For the data below, transcribe the part that opens with the line containing "azzurro 2 /" and closes with the line containing "Bulabadoo Borraccia Bassotto", exactly and with no pictures.

> [INPUT]
──────────────────────────────
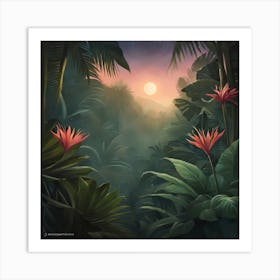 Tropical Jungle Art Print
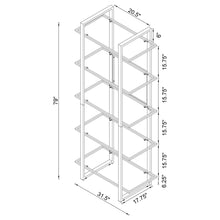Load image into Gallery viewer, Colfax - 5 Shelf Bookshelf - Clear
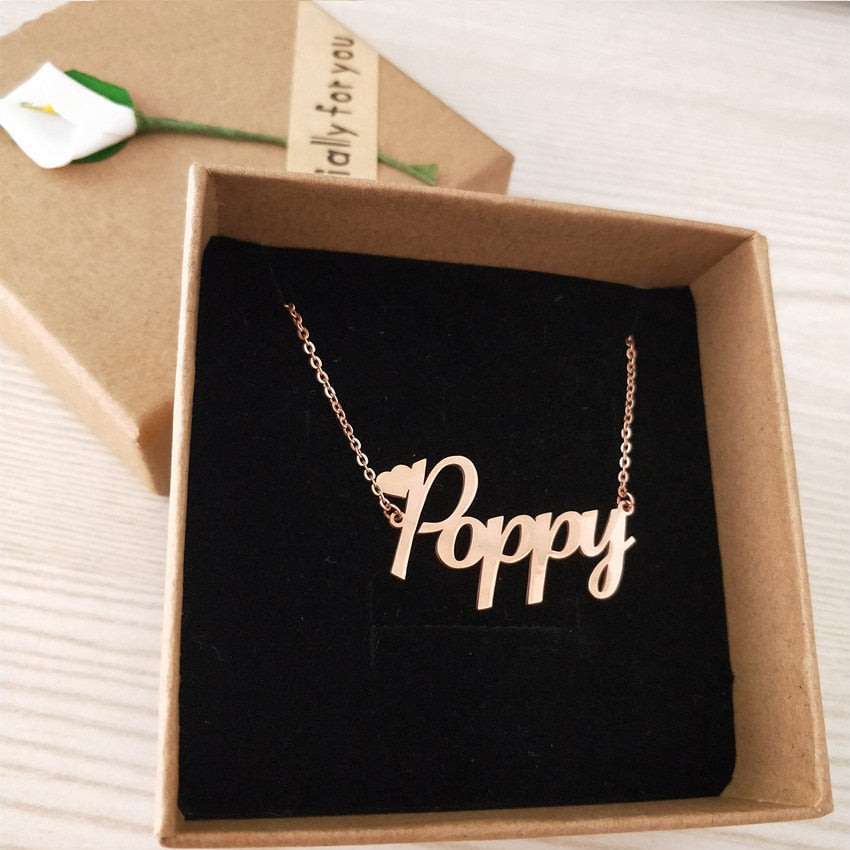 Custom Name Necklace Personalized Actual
──────────────────────────────
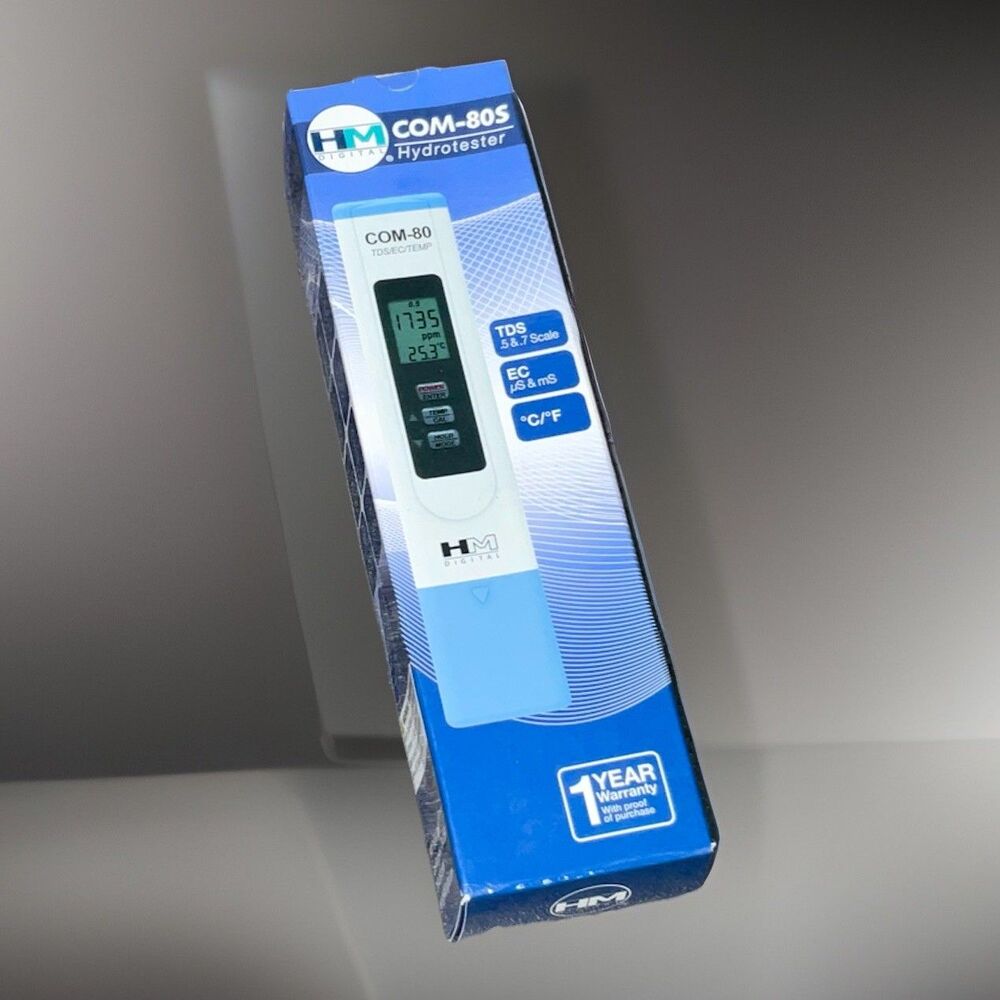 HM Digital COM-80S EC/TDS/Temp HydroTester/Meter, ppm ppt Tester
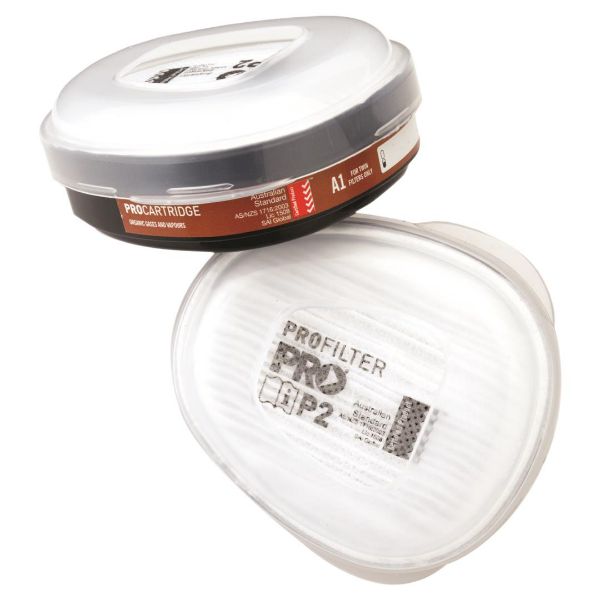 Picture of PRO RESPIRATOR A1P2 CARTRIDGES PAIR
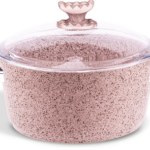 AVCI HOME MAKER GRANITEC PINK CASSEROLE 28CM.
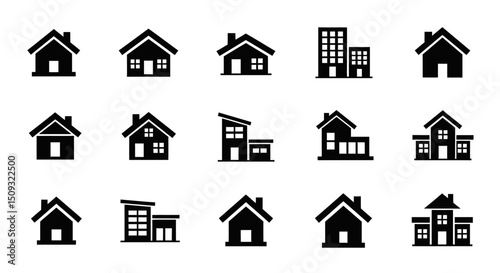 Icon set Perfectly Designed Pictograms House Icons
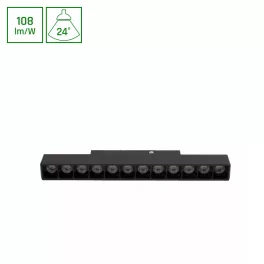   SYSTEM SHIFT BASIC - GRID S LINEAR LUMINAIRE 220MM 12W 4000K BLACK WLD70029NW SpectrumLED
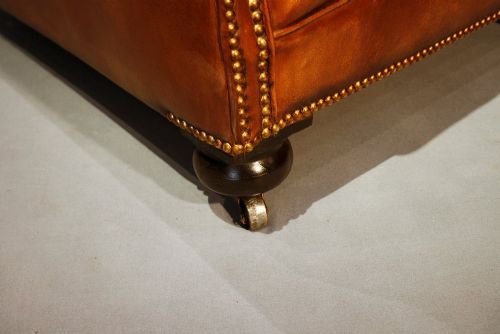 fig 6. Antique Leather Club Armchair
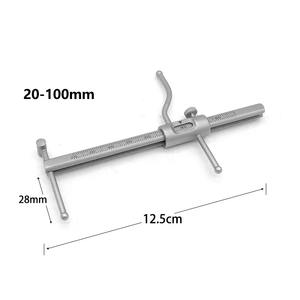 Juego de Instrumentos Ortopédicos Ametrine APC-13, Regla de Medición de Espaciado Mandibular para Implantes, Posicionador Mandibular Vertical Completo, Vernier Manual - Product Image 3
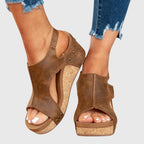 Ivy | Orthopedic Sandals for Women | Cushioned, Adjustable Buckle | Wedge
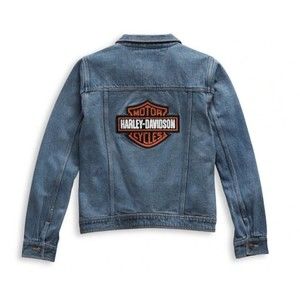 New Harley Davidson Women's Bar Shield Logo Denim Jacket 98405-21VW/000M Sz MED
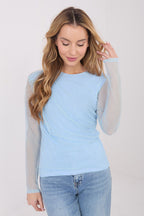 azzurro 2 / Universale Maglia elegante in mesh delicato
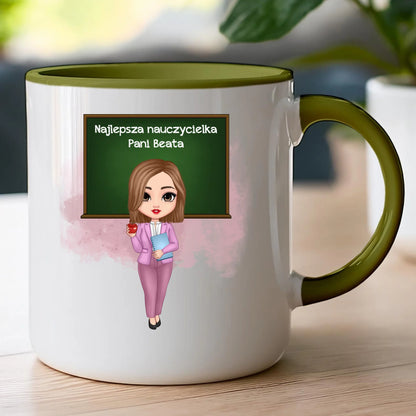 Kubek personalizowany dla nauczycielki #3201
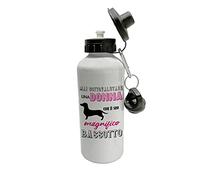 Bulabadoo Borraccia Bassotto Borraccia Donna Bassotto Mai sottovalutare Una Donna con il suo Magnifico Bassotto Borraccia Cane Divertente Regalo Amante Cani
──────────────────────────────
> [REPLY TO THE EXERCISE]
 azzurro 2 / Universale Maglia elegante in mesh delicato
 Kubek personalizowany dla nauczycielki #3201
 Bulabadoo Borraccia Bassotto Borraccia Donna Bassotto Mai sottovalutare Una Donna con il suo Magnifico Bassotto Borraccia Cane Divertente Regalo Amante Cani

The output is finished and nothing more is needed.